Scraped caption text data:
___
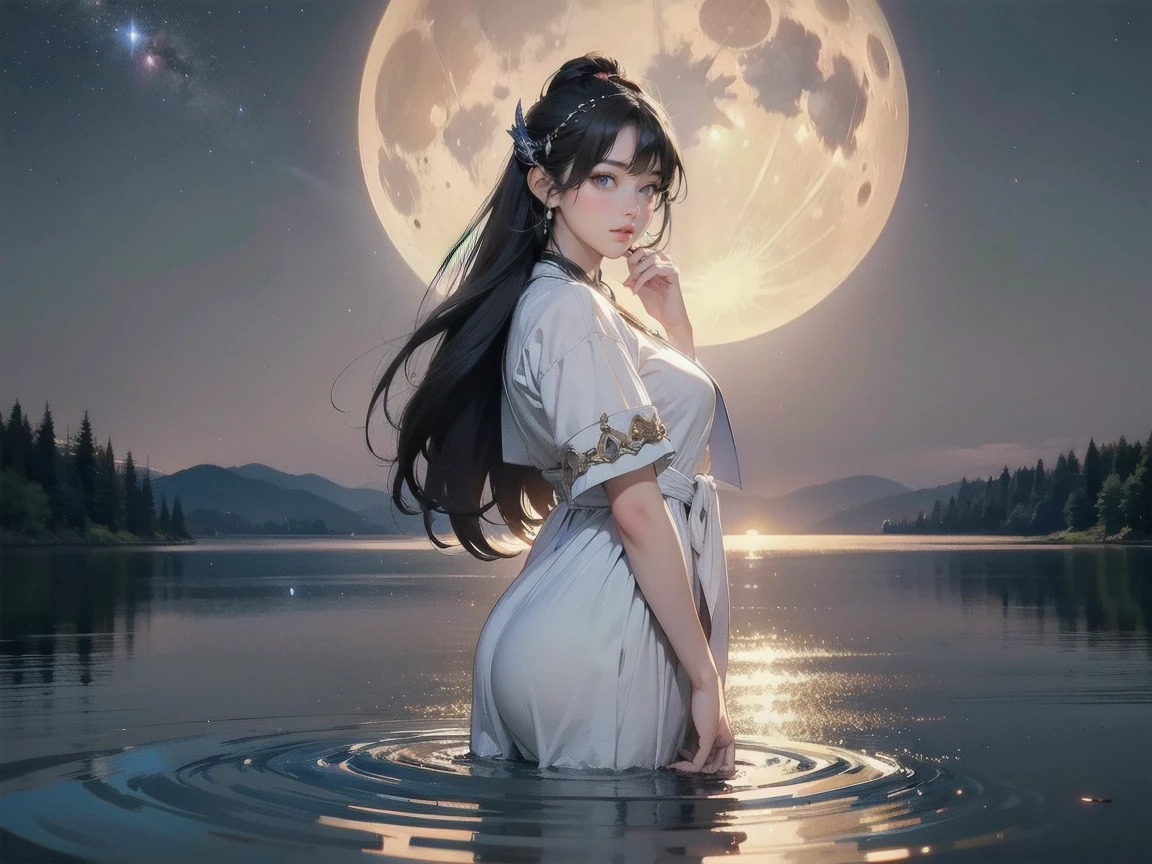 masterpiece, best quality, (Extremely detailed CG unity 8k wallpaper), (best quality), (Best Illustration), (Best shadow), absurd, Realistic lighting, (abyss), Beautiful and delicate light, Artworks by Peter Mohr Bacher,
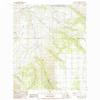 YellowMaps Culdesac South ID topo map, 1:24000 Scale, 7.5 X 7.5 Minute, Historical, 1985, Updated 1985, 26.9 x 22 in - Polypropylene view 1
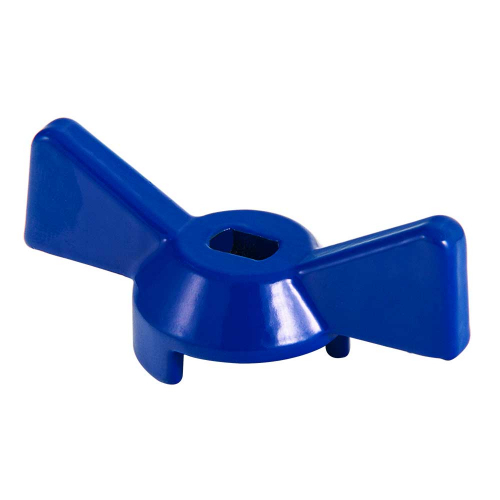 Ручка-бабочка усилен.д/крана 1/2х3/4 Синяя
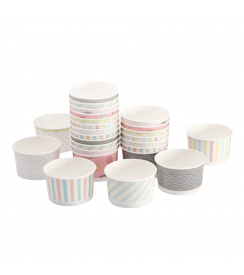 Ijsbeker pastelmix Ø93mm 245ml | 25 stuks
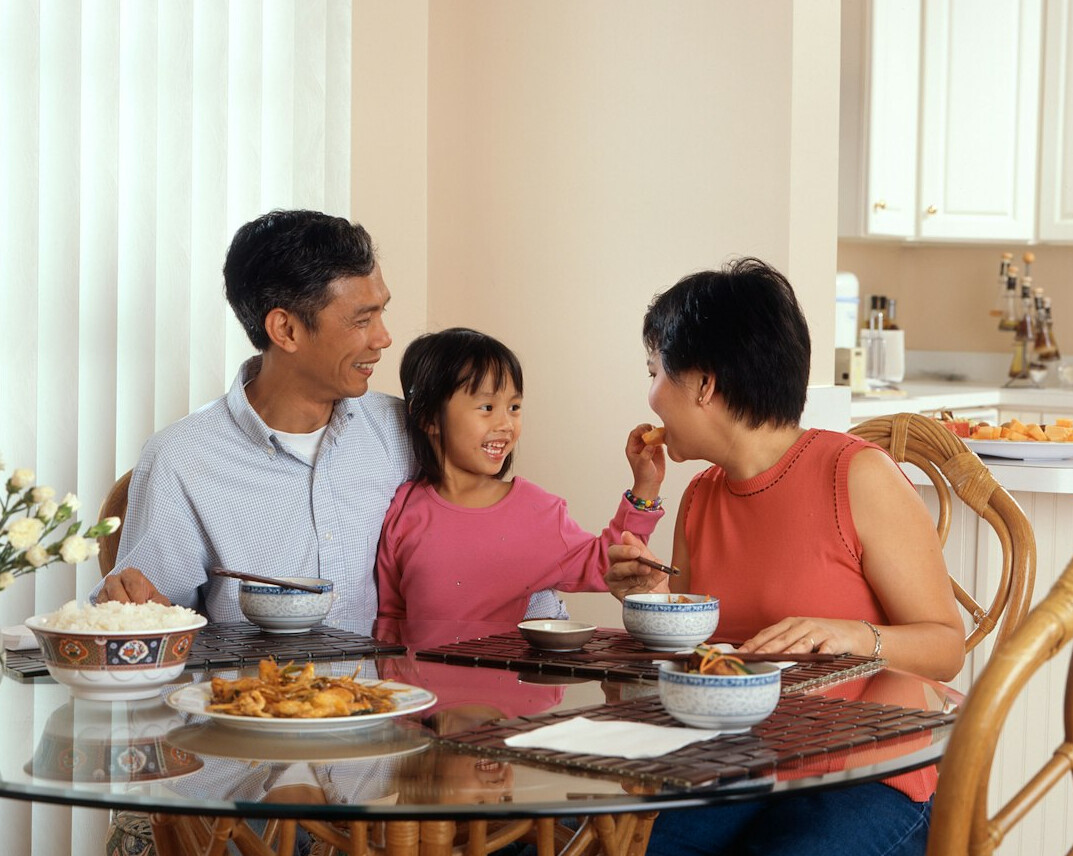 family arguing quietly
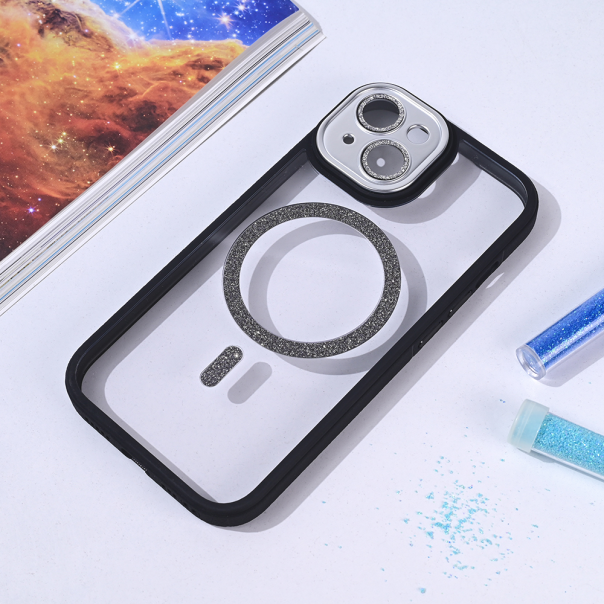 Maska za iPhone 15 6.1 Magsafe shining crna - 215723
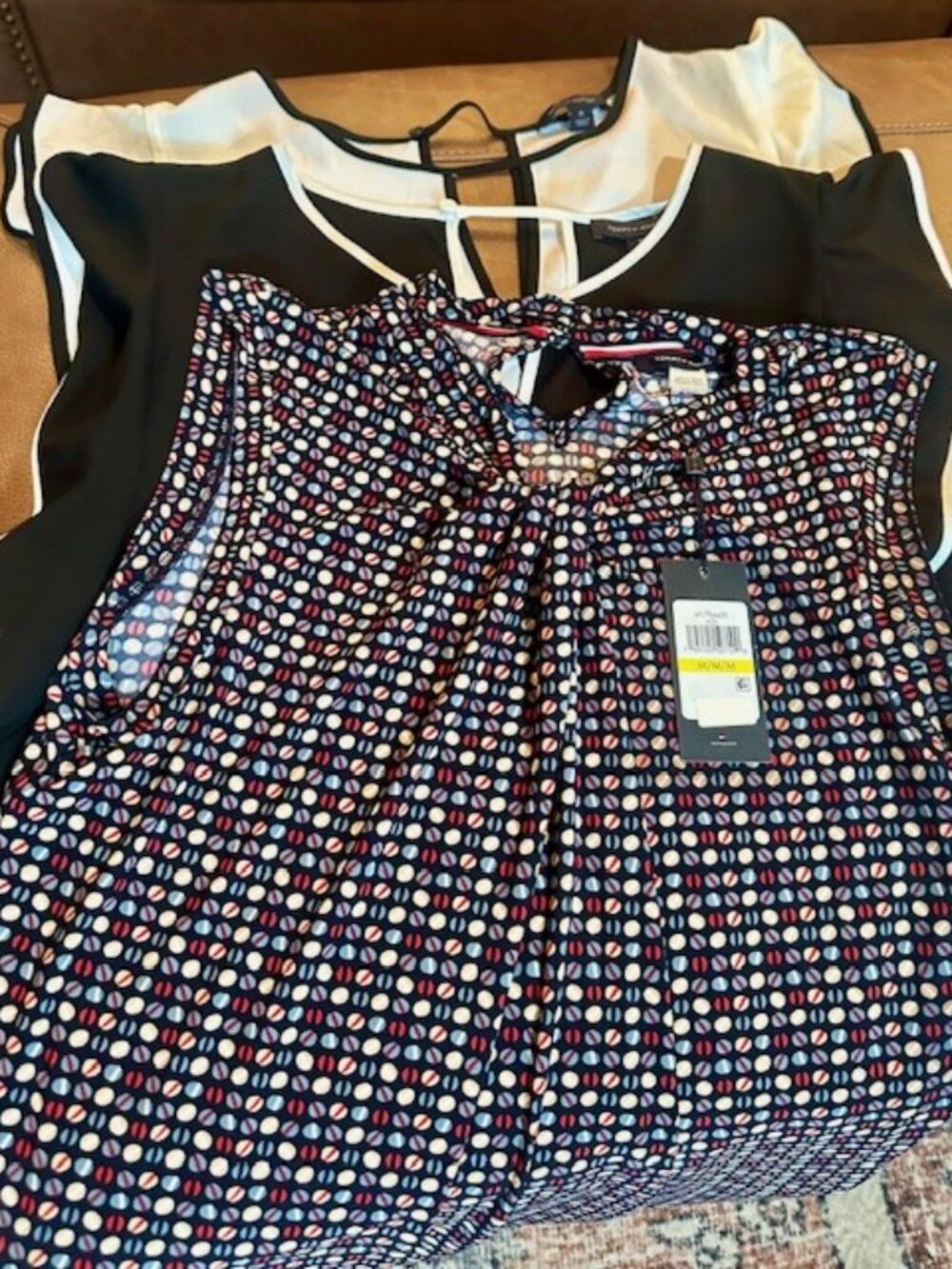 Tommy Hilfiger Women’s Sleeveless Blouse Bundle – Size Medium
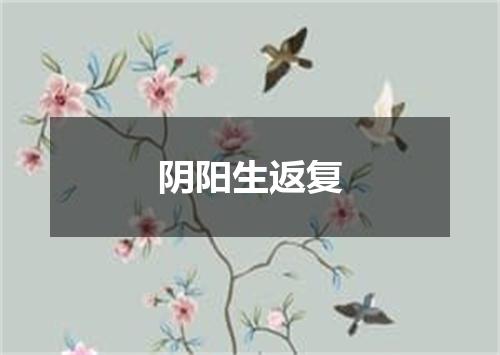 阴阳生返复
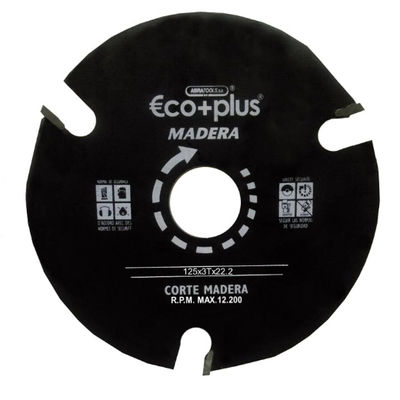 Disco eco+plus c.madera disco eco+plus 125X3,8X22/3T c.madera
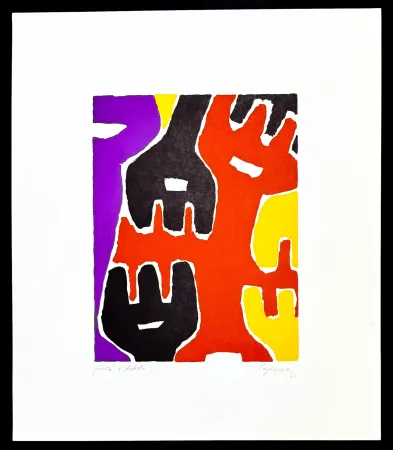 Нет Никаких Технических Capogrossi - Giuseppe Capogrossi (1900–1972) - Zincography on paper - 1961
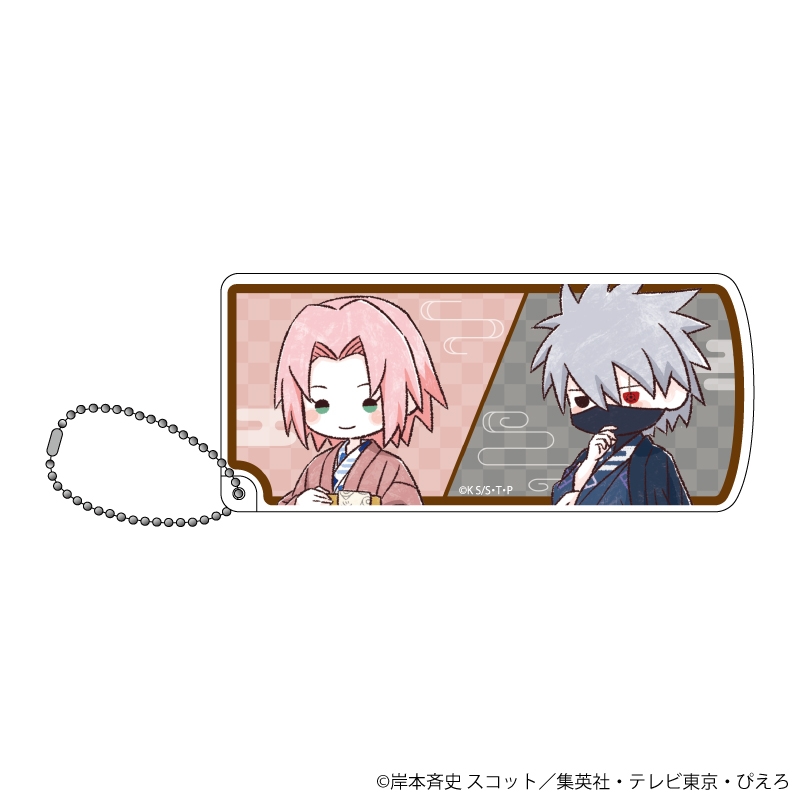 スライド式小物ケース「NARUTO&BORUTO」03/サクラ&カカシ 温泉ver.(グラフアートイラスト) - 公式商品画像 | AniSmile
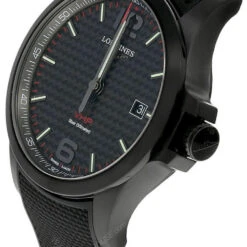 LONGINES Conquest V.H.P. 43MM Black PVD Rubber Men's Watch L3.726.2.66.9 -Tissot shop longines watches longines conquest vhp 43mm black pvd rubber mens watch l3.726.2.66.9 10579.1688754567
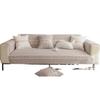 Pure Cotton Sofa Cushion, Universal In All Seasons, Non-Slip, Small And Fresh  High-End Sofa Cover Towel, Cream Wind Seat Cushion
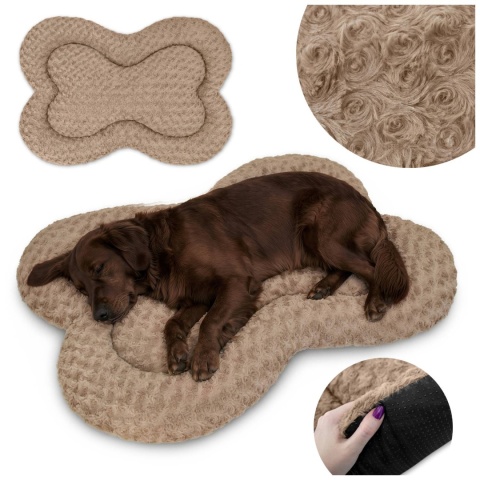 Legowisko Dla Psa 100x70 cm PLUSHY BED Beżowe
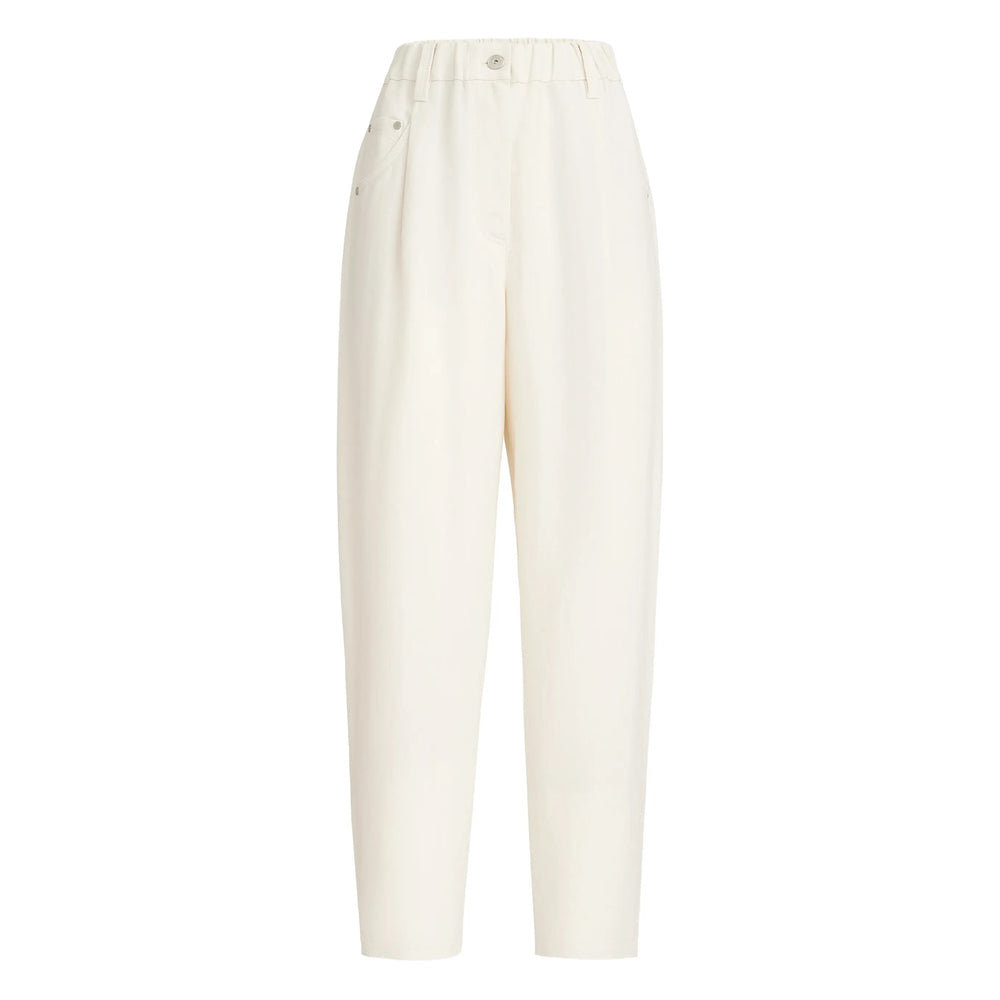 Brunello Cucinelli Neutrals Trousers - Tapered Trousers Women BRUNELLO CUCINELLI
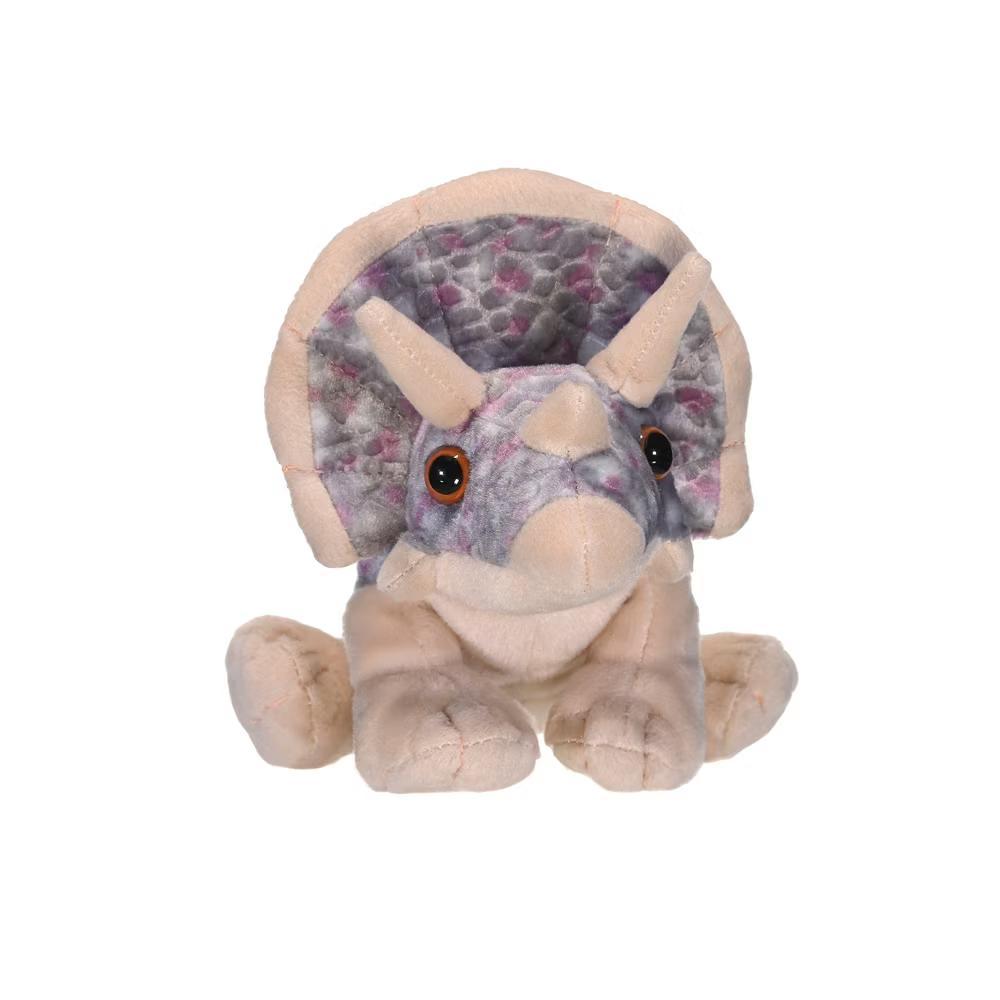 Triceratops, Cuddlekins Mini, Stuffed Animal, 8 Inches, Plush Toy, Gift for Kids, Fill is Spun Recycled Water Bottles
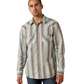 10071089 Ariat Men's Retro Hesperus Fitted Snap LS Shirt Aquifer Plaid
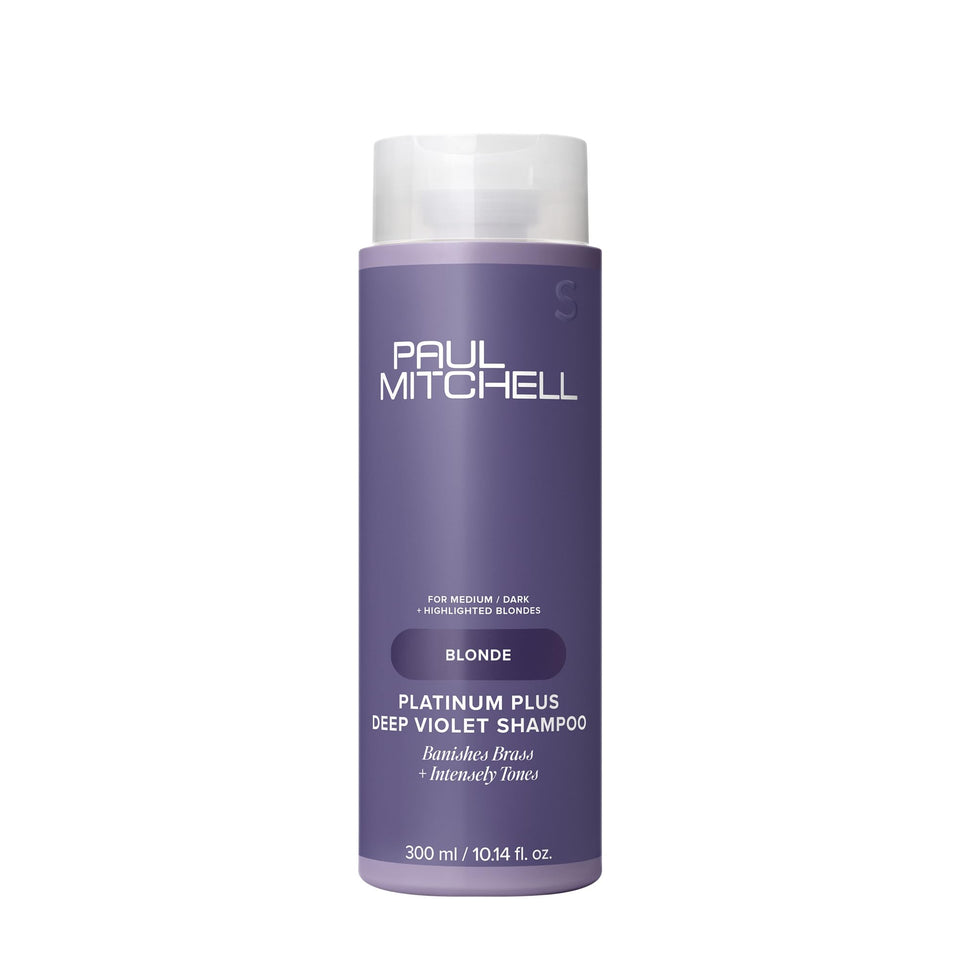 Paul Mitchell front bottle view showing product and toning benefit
___
TASK PROMPT:
Please transcribe every entry exactly as written, leaving the pictures out.

OUTPUT:
 masterpiece, best quality, (Extremely detailed CG unity 8k wallpaper), (best quality), (Best Illustration), (Best shadow), absurd, Realistic lighting, (abyss), Beautiful and delicate light, Artworks by Peter Mohr Bacher,
 YellowMaps Culdesac South ID topo map, 1:24000 Scale, 7.5 X 7.5 Minute, Historical, 1985, Updated 1985, 26.9 x 22 in - Polypropylene view 1
 Ручка-бабочка усилен.д/крана 1/2х3/4 Синяя
 Ijsbeker pastelmix Ø93mm 245ml | 25 stuks
 family arguing quietly
 Maska za iPhone 15 6.1 Magsafe shining crna - 215723
 Tommy Hilfiger Women’s Sleeveless Blouse Bundle – Size Medium
 阴阳生返复
 Disco eco+plus c.madera disco eco+plus 125X3,8X22/3T c.madera
 Нет Никаких Технических Capogrossi - Giuseppe Capogrossi (1900–1972) - Zincography on paper - 1961
 スライド式小物ケース「NARUTO&BORUTO」03/サクラ&カカシ 温泉ver.(グラフアートイラスト) - 公式商品画像 | AniSmile
 LONGINES Conquest V.H.P. 43MM Black PVD Rubber Men's Watch L3.726.2.66.9 -Tissot shop longines watches longines conquest vhp 43mm black pvd rubber mens watch l3.726.2.66.9 10579.1688754567
 Pure Cotton Sofa Cushion, Universal In All Seasons, Non-Slip, Small And Fresh  High-End Sofa Cover Towel, Cream Wind Seat Cushion
 Legowisko Dla Psa 100x70 cm PLUSHY BED Beżowe
 Brunello Cucinelli Neutrals Trousers - Tapered Trousers Women BRUNELLO CUCINELLI
 Triceratops, Cuddlekins Mini, Stuffed Animal, 8 Inches, Plush Toy, Gift for Kids, Fill is Spun Recycled Water Bottles
 10071089 Ariat Men's Retro Hesperus Fitted Snap LS Shirt Aquifer Plaid
 Paul Mitchell front bottle view showing product and toning benefit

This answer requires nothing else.